### Collected data:
☆ ☆ ☆ ☆ ☆

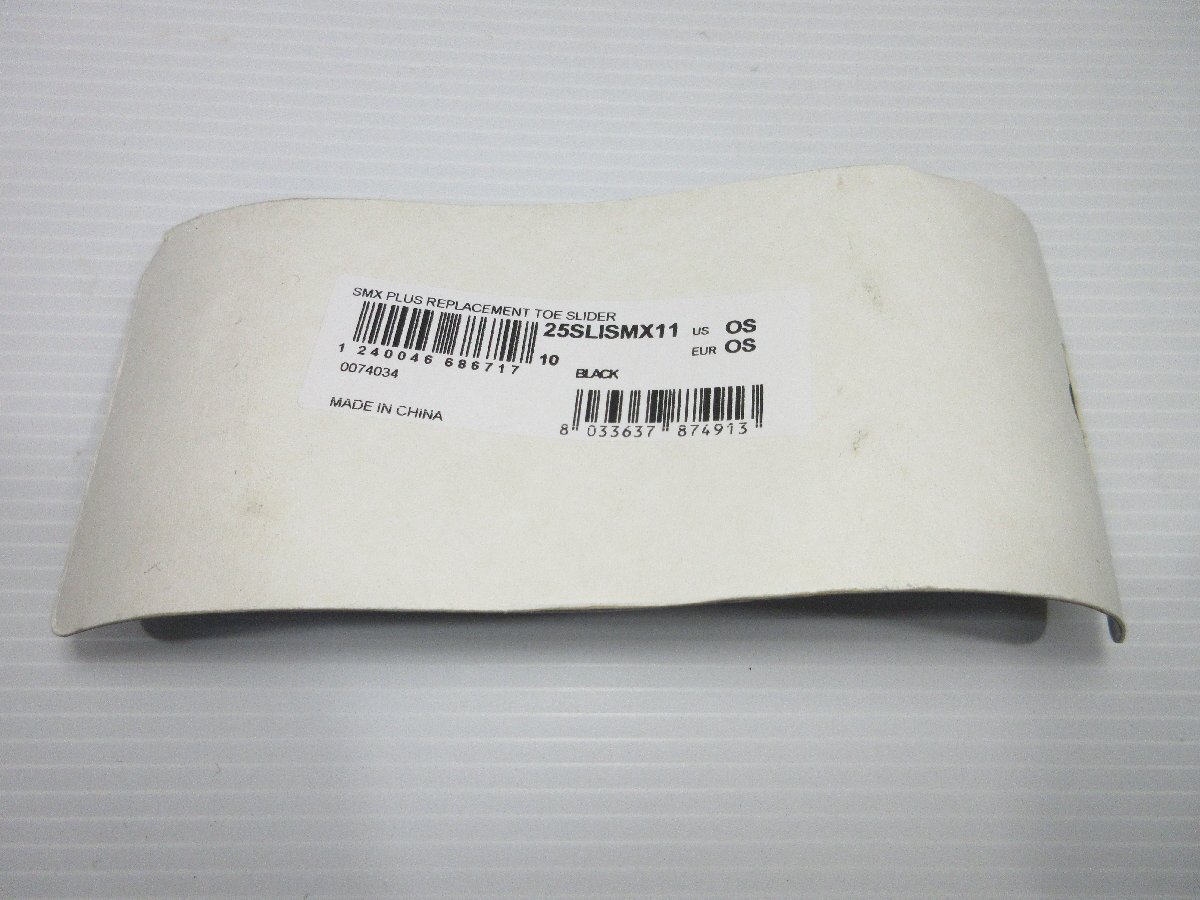 激安　新品　SMX PLUS　REPLACEMENT TOE SLIDER　25SLISMX11　BLACK　売り切り_画像4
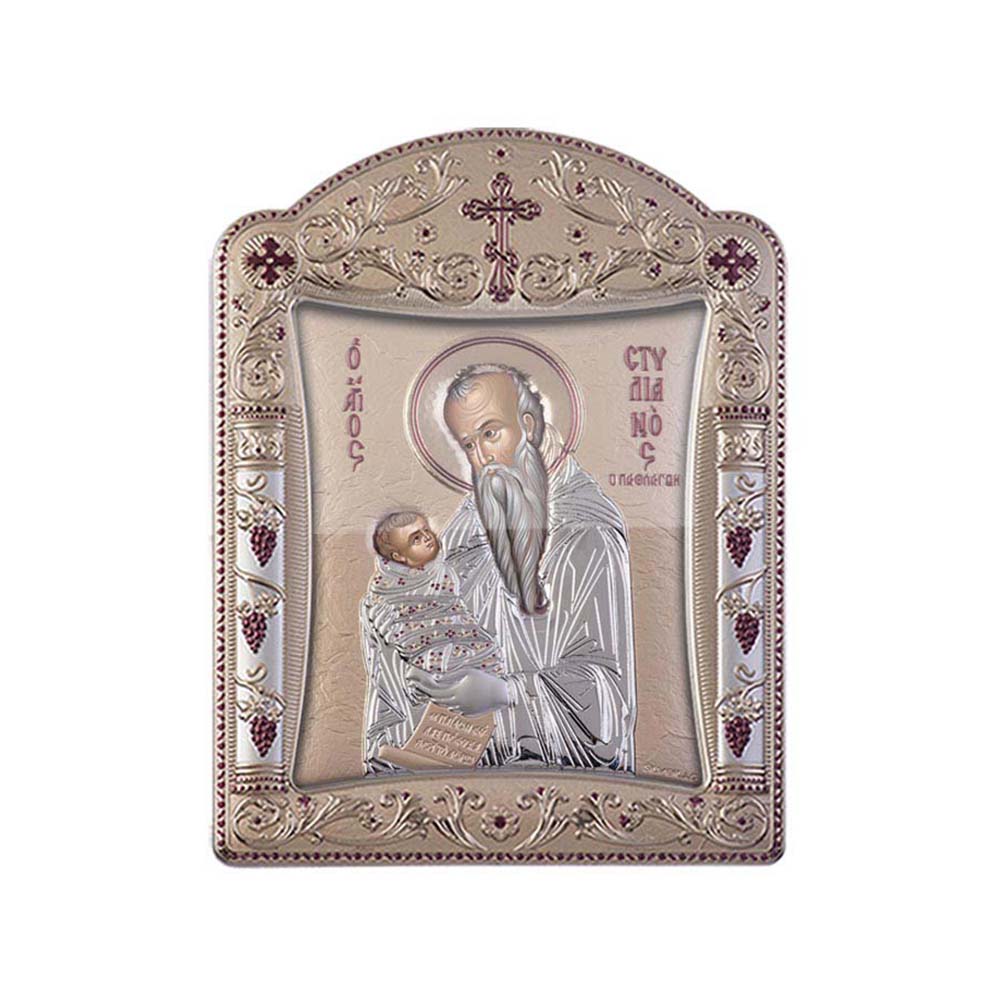 Saint Stylianos with Classic Frame and Glass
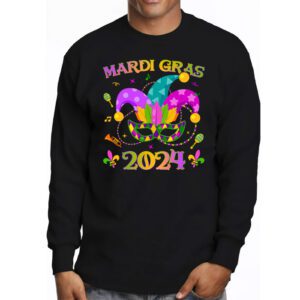 Mardi Gras 2024 Jester Outfit Kids Girls Boys Men Women Longsleeve Tee 3 1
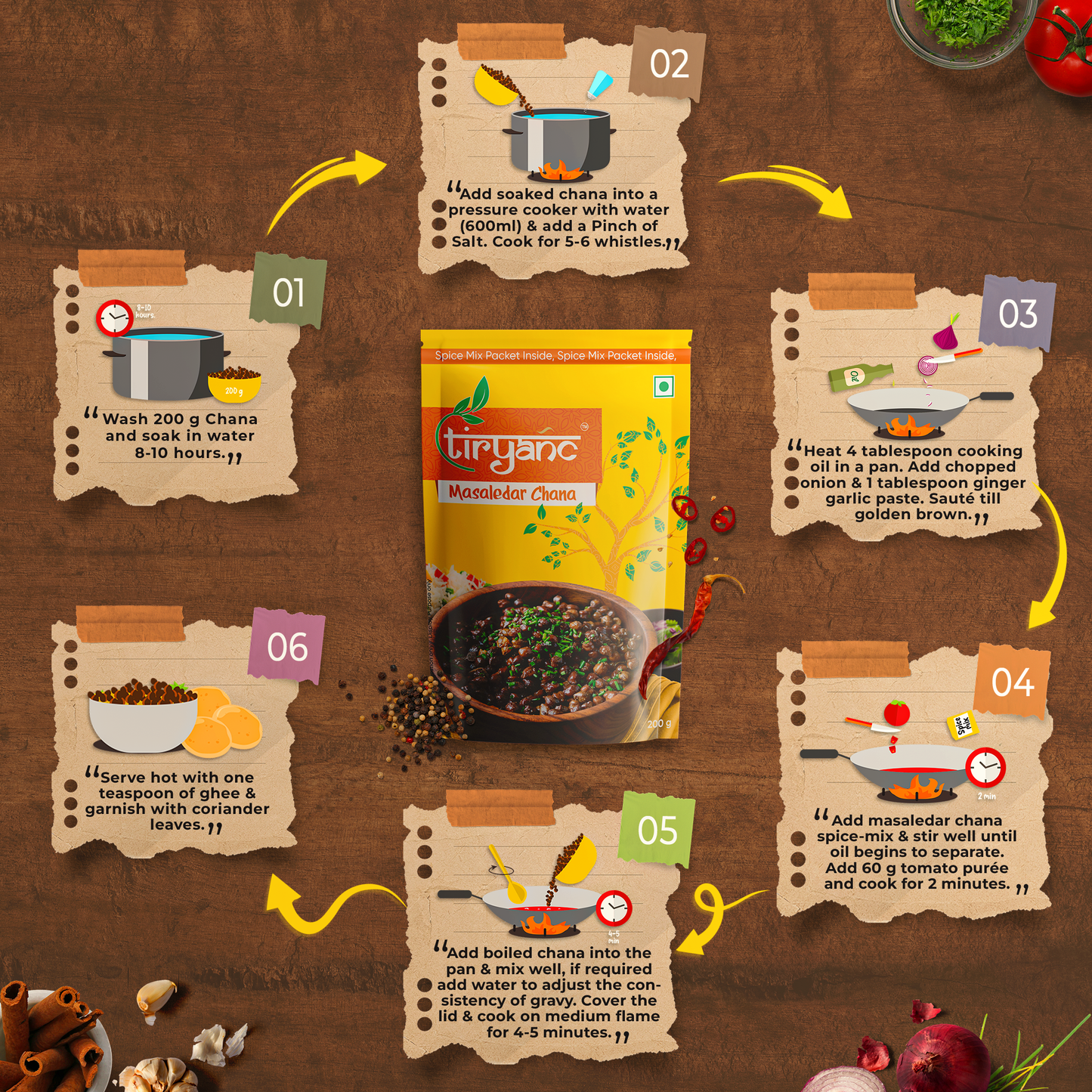 Masaledar Chana Ready Mix (200g)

☆ ☆ ☆ ☆ ☆

Print the material precisely as given, dropping any images it holds.

### Written solution:
 激安　新品　SMX PLUS　REPLACEMENT TOE SLIDER　25SLISMX11　BLACK　売り切り_画像4
 Saint Stylianos with Classic Frame and Glass
 Mardi Gras 2024 Jester Outfit Kids Girls Boys Men Women Longsleeve Tee 3 1
 Masaledar Chana Ready Mix (200g)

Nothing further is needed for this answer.